**What the task asks:** Return the data below exactly as given, except for the images.

--- Dataset extract Enclosed Below ---

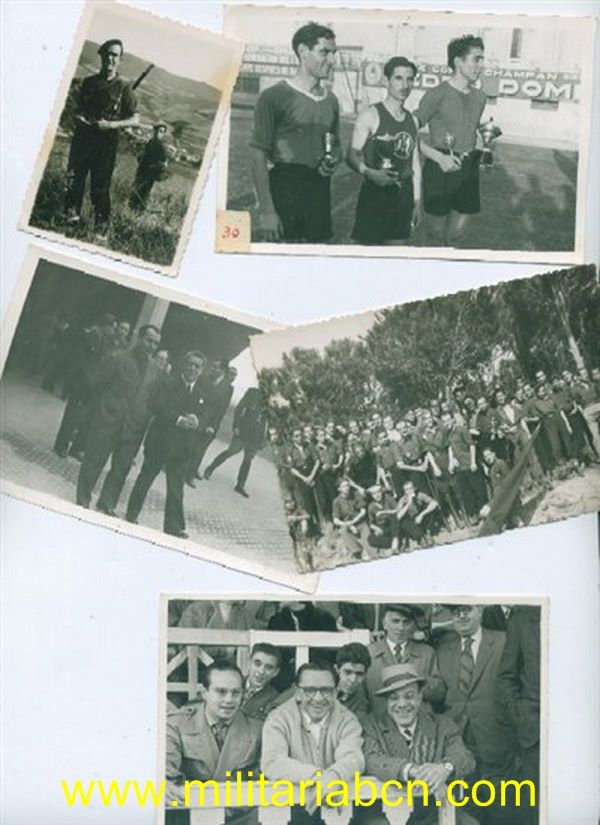 Conjunto de 41 fotografías de OJ Frente de Juventudes. Barcelona 1940-1945. Marchas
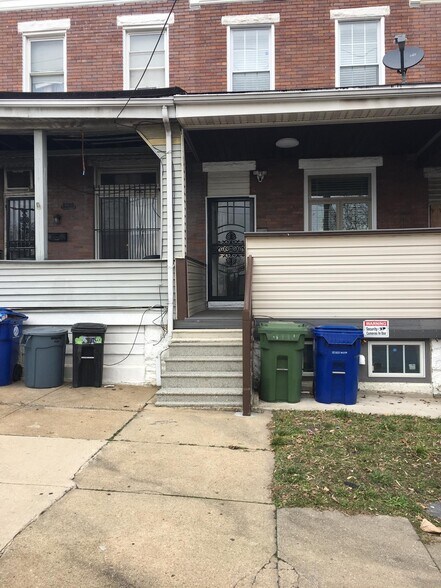 Building Photo - 3118 Wilkens Ave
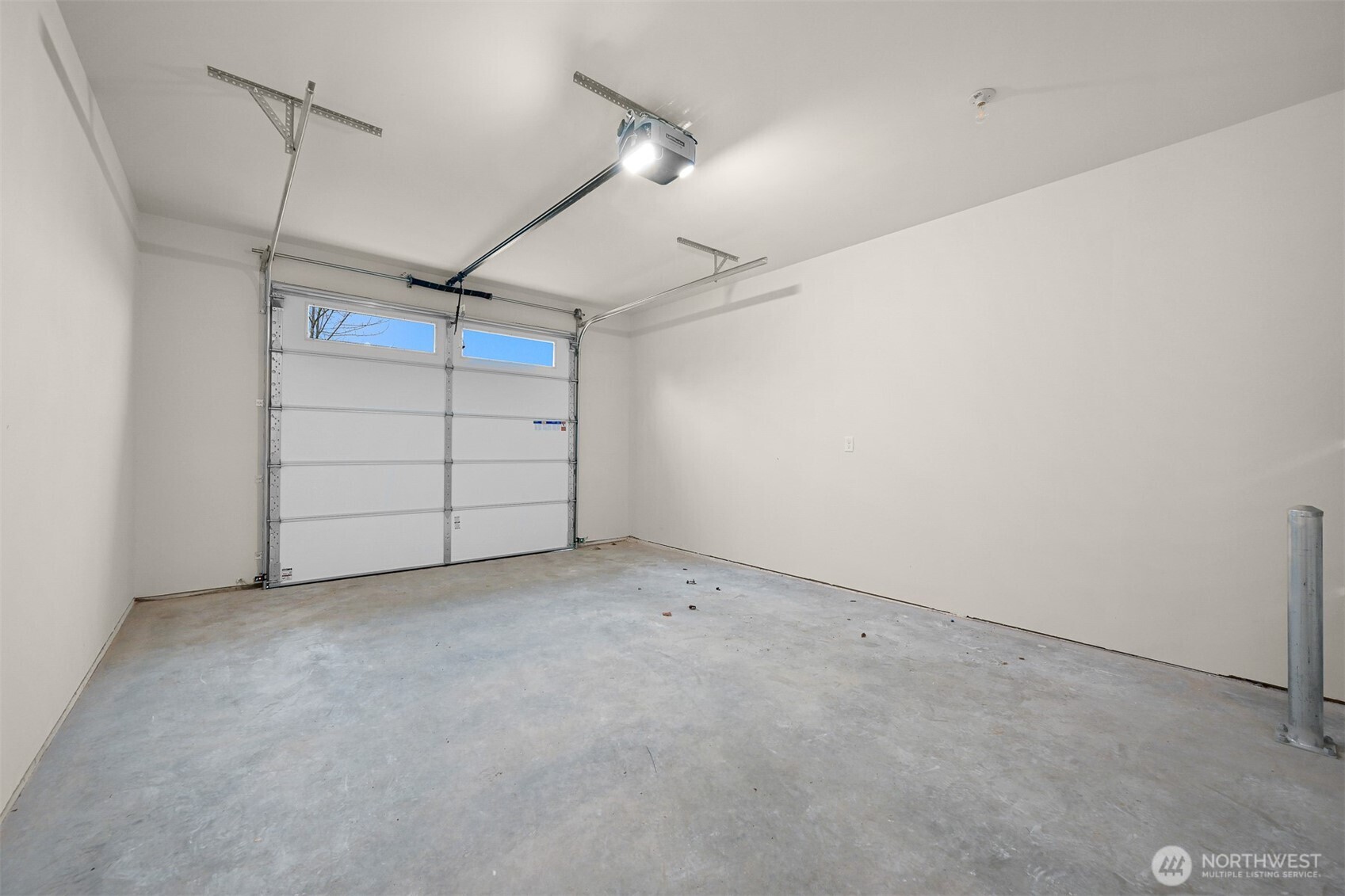 3993 Gentlebrook Lane, Unit 4 Bellingham, WA 98226 - Photo 24 of 27 an empty room with a empty space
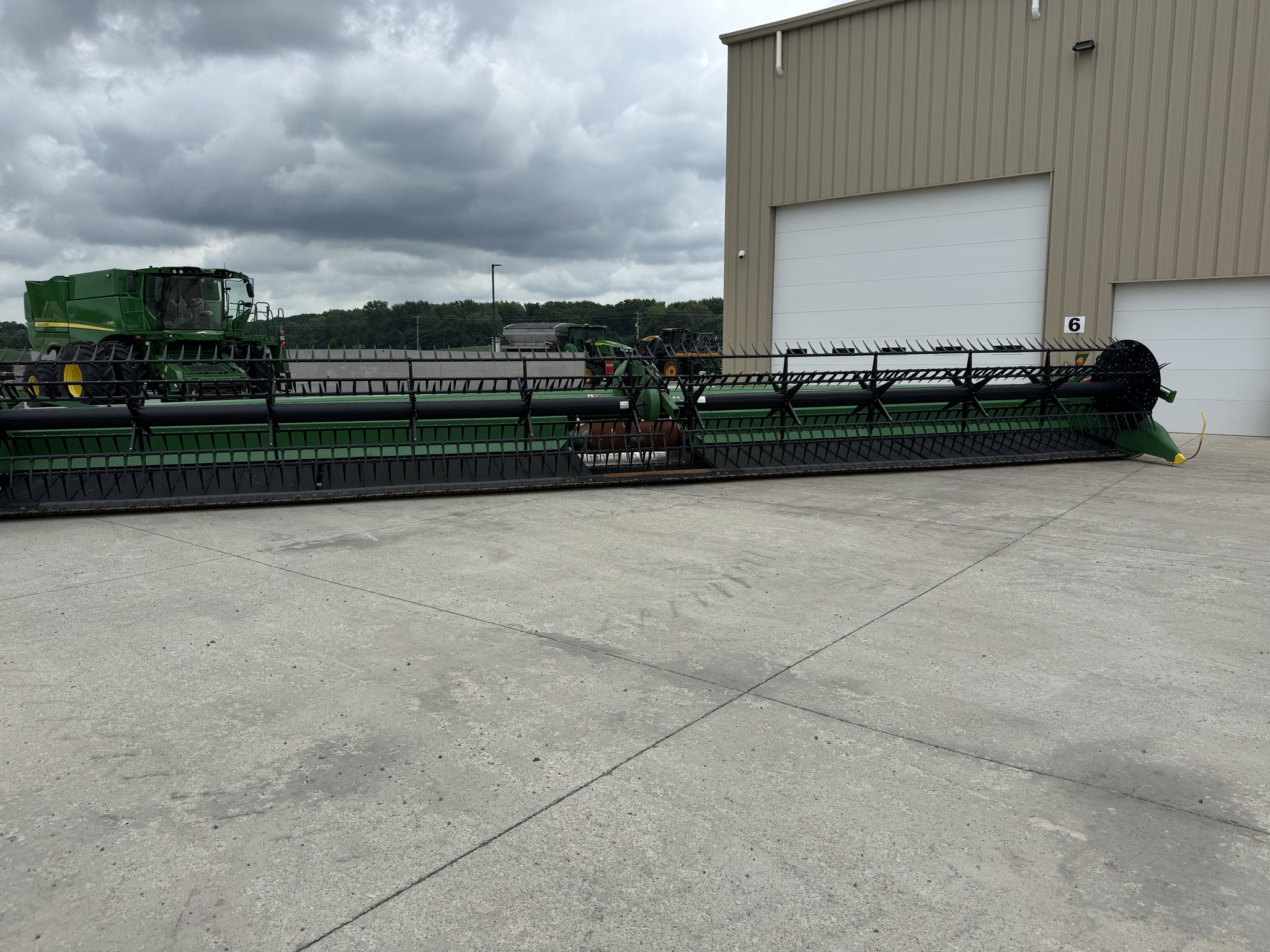 2020 John Deere 745FD Image 2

--- End of Enclosed Dataset extract ---

**Expected answer:**
 Conjunto de 41 fotografías de OJ Frente de Juventudes. Barcelona 1940-1945. Marchas
 Building Photo - 3118 Wilkens Ave
 3993 Gentlebrook Lane, Unit 4 Bellingham, WA 98226 - Photo 24 of 27 an empty room with a empty space
 2020 John Deere 745FD Image 2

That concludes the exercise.